▶ _Data for analysis_:
%%
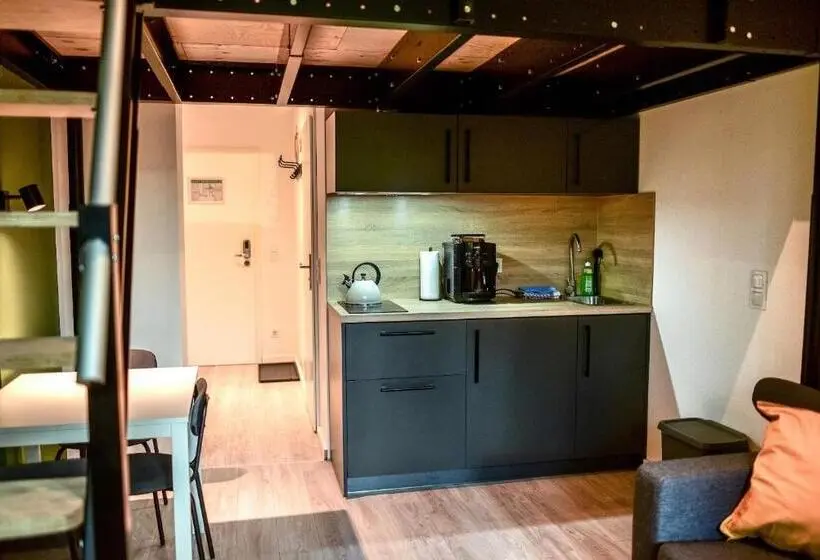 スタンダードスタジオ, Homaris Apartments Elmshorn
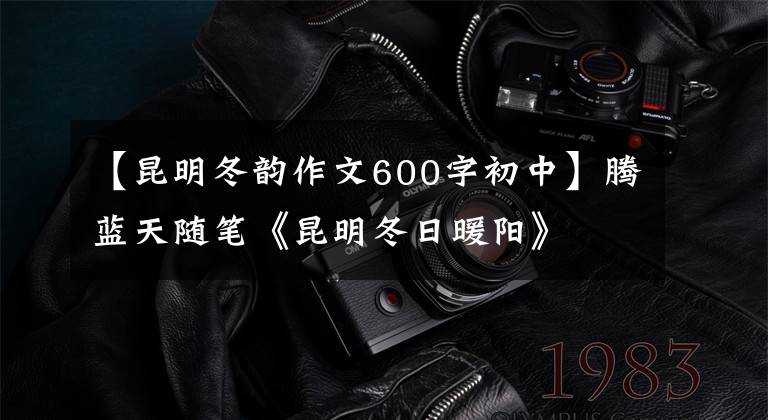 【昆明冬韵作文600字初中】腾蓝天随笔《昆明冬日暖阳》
%%
%%
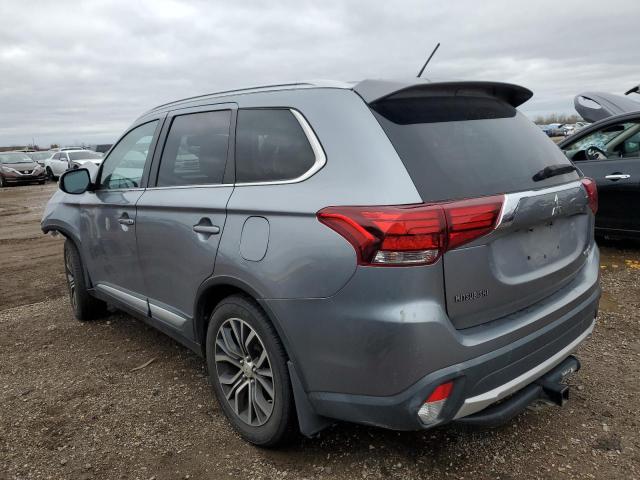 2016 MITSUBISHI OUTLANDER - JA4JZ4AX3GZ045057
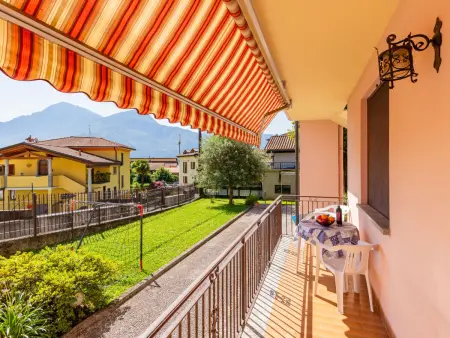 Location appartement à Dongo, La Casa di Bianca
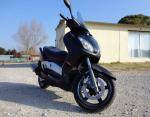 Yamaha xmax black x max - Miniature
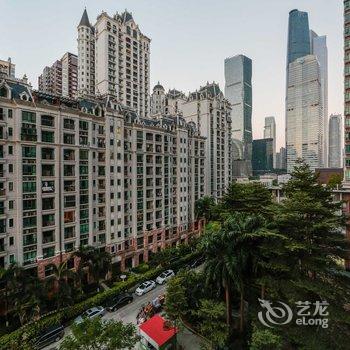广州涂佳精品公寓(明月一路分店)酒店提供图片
%%
▶ _About this exercise_: Pictures aside, return exactly the lines from the data above, starting at the line that has "Location appartement à" and ending at the line that has "广州涂佳精品公寓(明月一路分店)酒店提供图片", both included.

▶ _Final answer_:
 Location appartement à Dongo, La Casa di Bianca
 Yamaha xmax black x max - Miniature
广州涂佳精品公寓(明月一路分店)酒店提供图片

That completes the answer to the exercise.